Una hora en la vida de Stefan Zweig, título
de la obra del dramaturgo canario Antonio Tabares, recrea los últimos momentos
de Stefan Zweig. Mientras el matrimonio
Zweig prepara, con calculada meticulosidad, todos los detalles de su suicidio,
un exiliado judío, recién llegado de Europa, se presenta en la casa. ¿Quién es
este extraño e inoportuno visitante? ¿Cuál es su secreto? ¿Es realmente judío o
un agente al servicio de los nazis? Y, sobre todo, ¿por qué muestra ese
indisimulado interés por una lámina de William Blake que durante años
perteneció a Stefan Zweig?
Nos dice el
autor de su obra: “En Una hora en la
vida de Stefan Zweig no he pretendido ahondar en las razones que llevaron
al escritor austriaco a quitarse la vida, razones que por otra parte pueden
entreverse en la pérdida definitiva de ese universo espiritual que describió en
sus magníficas memorias El mundo de
ayer. Mi intención no era tanto incidir en por qué se suicidó Stefan Zweig
sino en cómo lo hizo, es decir, cuál fue su actitud ante su voluntaria
desaparición. Sus últimas cartas revelan un estado depresivo y desesperanzado;
los testimonios de quienes lo trataron en aquellos días del verano austral
hablan de un hombre envejecido y agotado física y moralmente.
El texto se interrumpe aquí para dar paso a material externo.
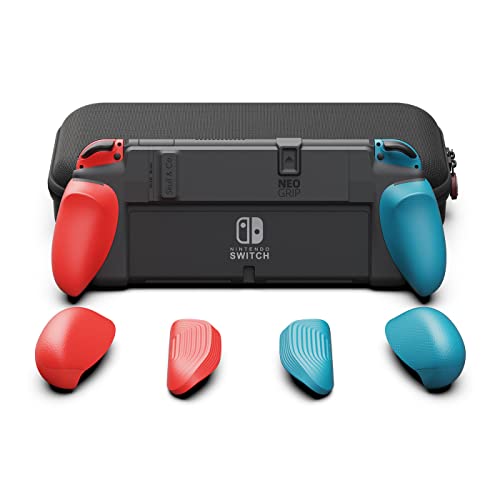 Skull & Co. NeoGrip Bundle: an Ergonomic Grip Hard Shell with Replaceable Grips [to fit All Hands Sizes] for Nintendo Switch OLED and Regular Model [with Carrying Case] - Neon Blue(L)+Neon Red(R)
Esta descripción
contrasta, no obstante, con la desconcertante meticulosidad con la que Zweig
preparó su suicidio. Fue un acto calculado y minucioso, pero no necesariamente
frío. Quiero pensar que en esa hora final existía ya una determinación tan
firme y consciente por su parte que de alguna manera había logrado desprenderse
de sus últimos miedos e incertidumbres.
Y en esa
circunstancia extrema imagino a un extraño: Samuel Fridman, un personaje de
ficción que quizá no lo sea tanto. “Toda mi vida me han intrigado los
monomaníacos, las personas obsesionadas por una sola idea,” –escribe Zweig–
“pues cuanto más se limita uno, más se acerca por otro lado al infinito”. Y en
efecto, su obra está llena de personajes entregados en cuerpo y alma a un único
objetivo; personajes espiritualmente torturados, esclavos de pasiones
freudianas que narran su historia para que el escritor a su vez nos la cuente a
nosotros. Zweig debió ser un oyente excepcional y su encuentro con Fridman es,
en cierto modo, el encuentro del autor con el protagonista de una última novela
nunca escrita.
El tercer
personaje en liza es Lotte, ese ser en apariencia insulso y enfermizo que, como
en los mejores relatos de Zweig, se convierte de manera inesperada en el
catalizador por el que los demás (y también ella misma) alcanzan la redención,
esto es, la posibilidad de ser libres y fieles a sí mismos, incluso en contra
del mundo entero, conforme a la máxima de Montaigne. Esa es la lección que
aprenden los personajes de esta obra. Y me gusta pensar que, al hacerlo, los
tres logran un triunfo postrero del espíritu frente a la barbarie.”